=== TASK DESCRIPTION ===
Look through the data below and output, unchanged, every line from the one holding "Pavlovka baza otdyha in Pavlovka, Russia" through the one holding "Трек Wande Coal", inclusive. Skip the pictures.

=== INPUT DATA ===
BEGIN

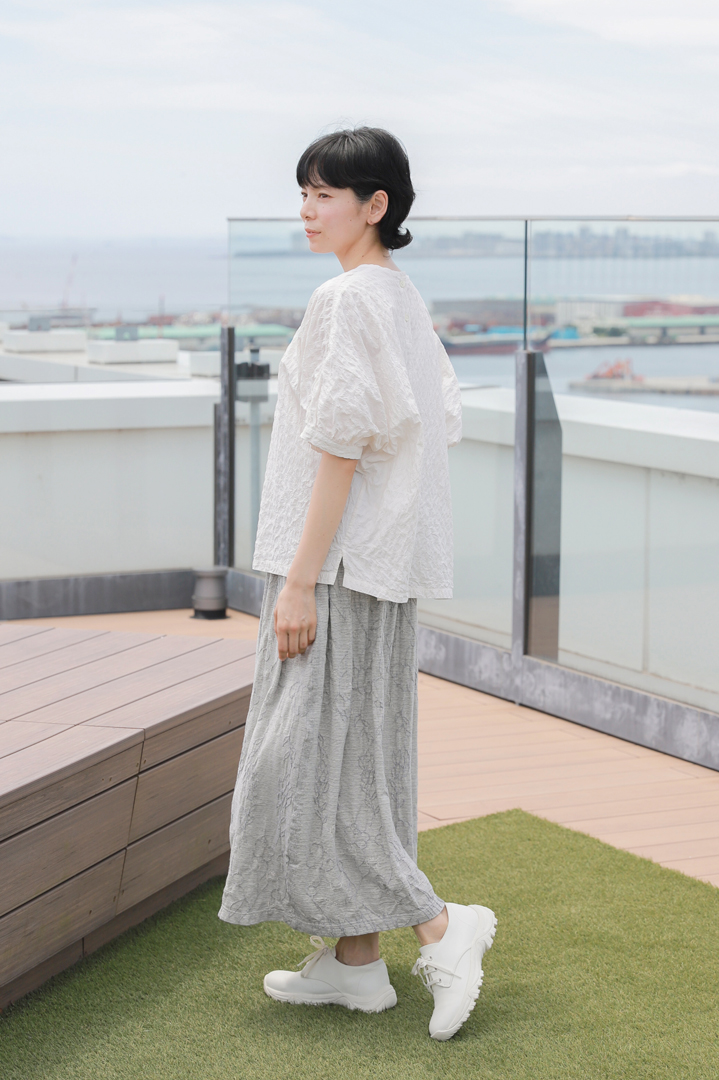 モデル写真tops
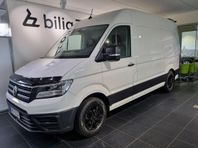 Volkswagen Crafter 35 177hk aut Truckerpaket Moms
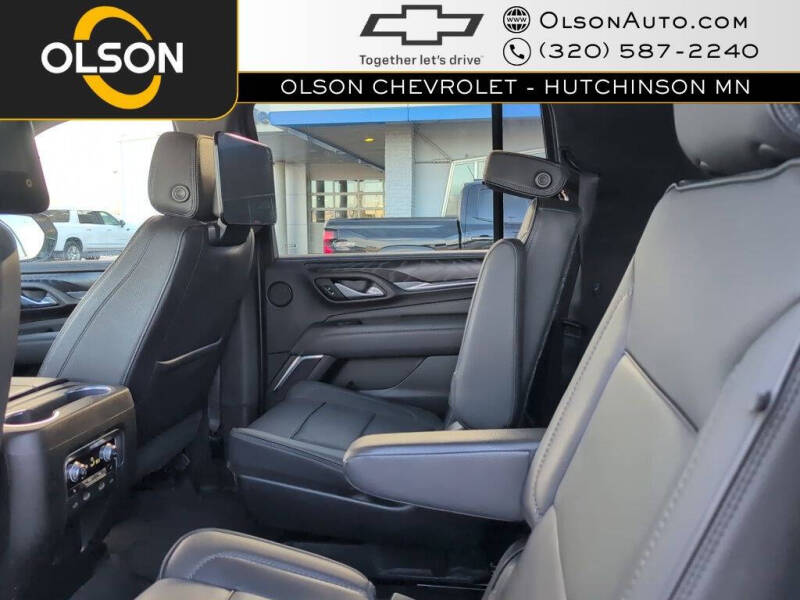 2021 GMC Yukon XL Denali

END
BEGIN

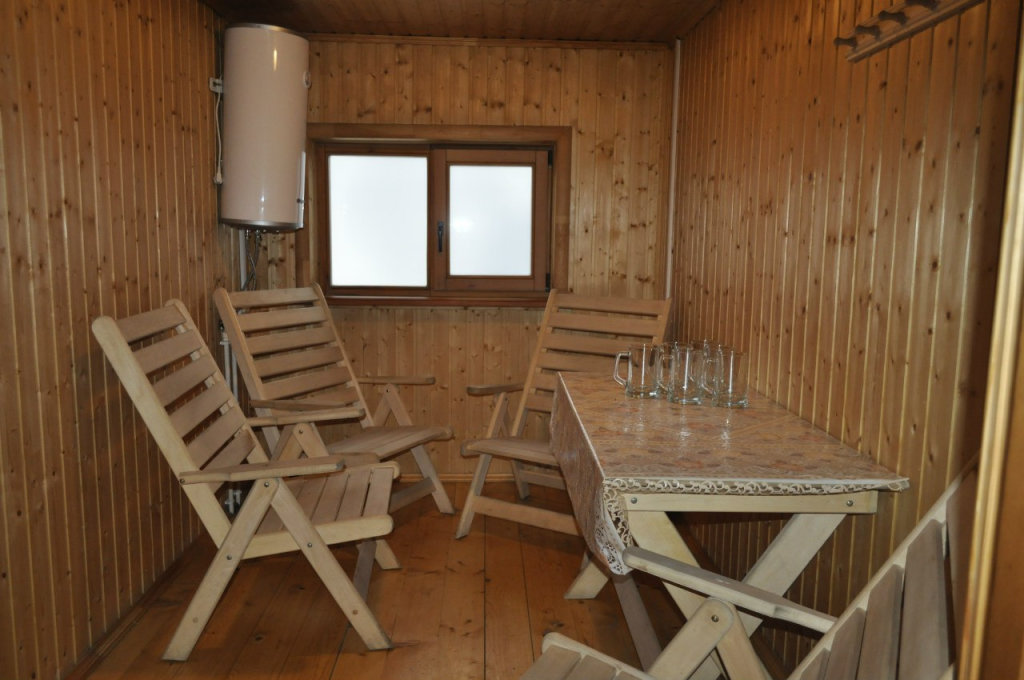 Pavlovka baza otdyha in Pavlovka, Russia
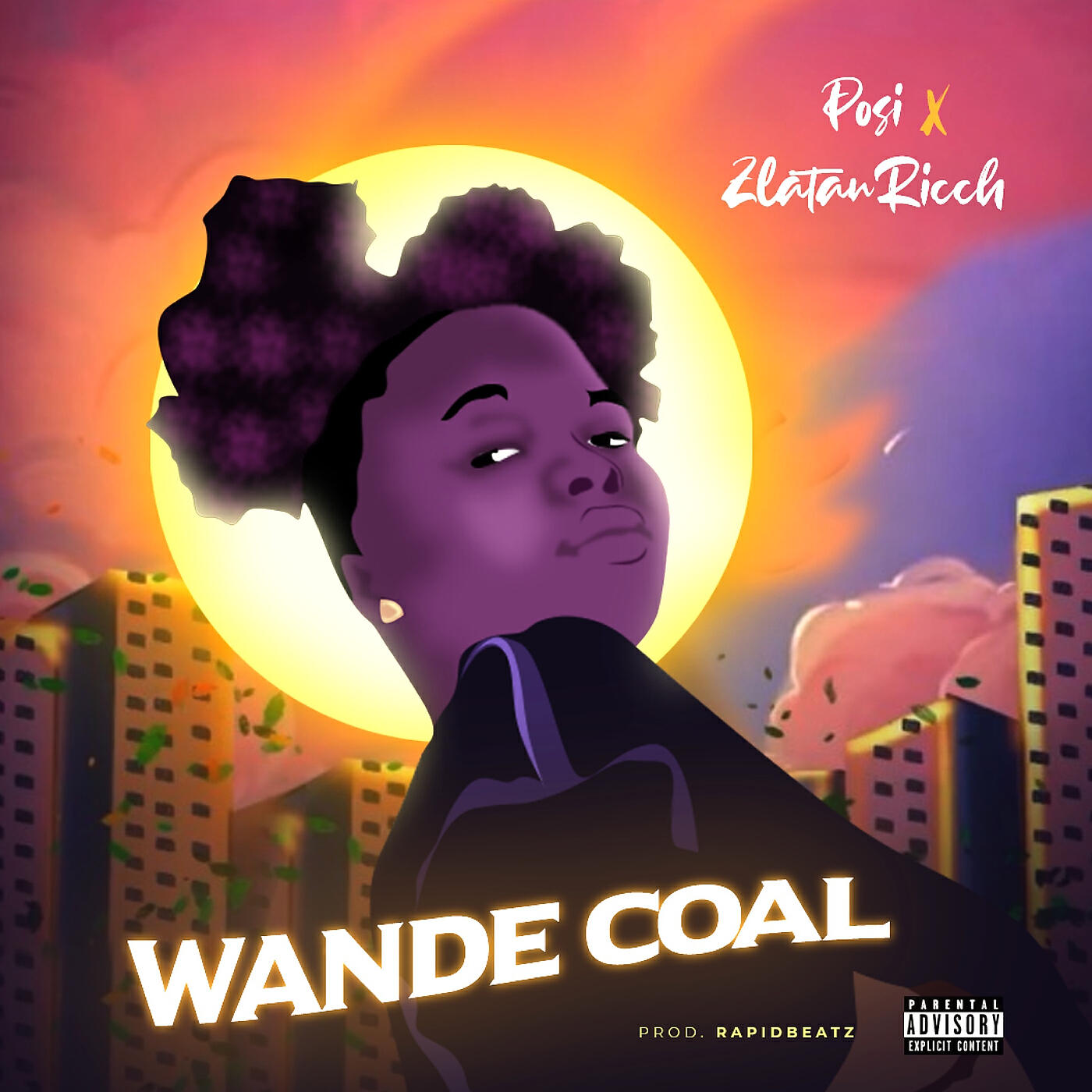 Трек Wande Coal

END
BEGIN

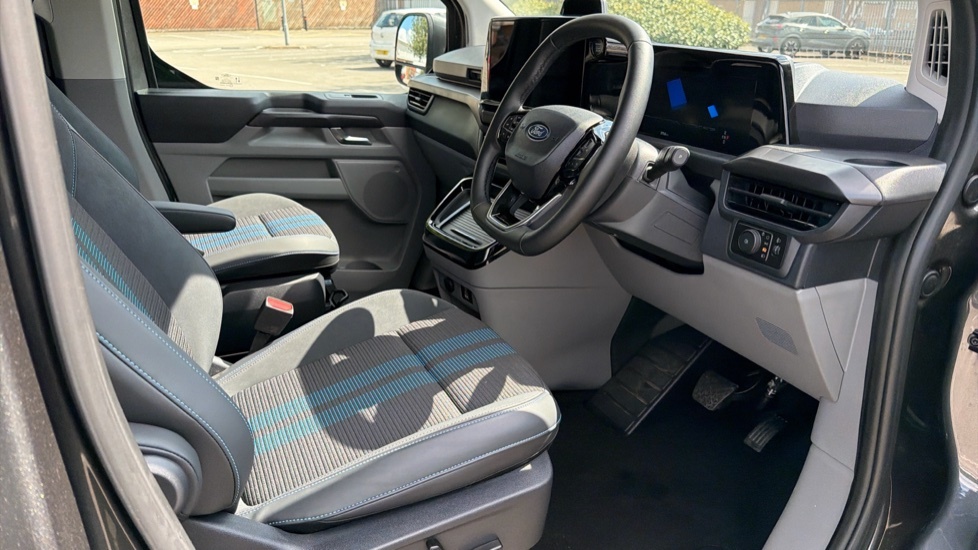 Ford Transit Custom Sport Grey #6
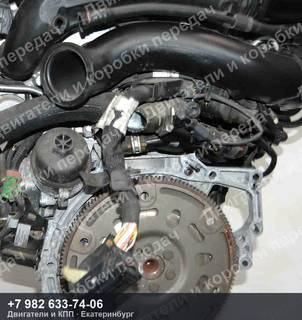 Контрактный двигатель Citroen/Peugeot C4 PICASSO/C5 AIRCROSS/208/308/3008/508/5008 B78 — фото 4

END

=== PROBLEM SOLUTION ===
 Pavlovka baza otdyha in Pavlovka, Russia
 Трек Wande Coal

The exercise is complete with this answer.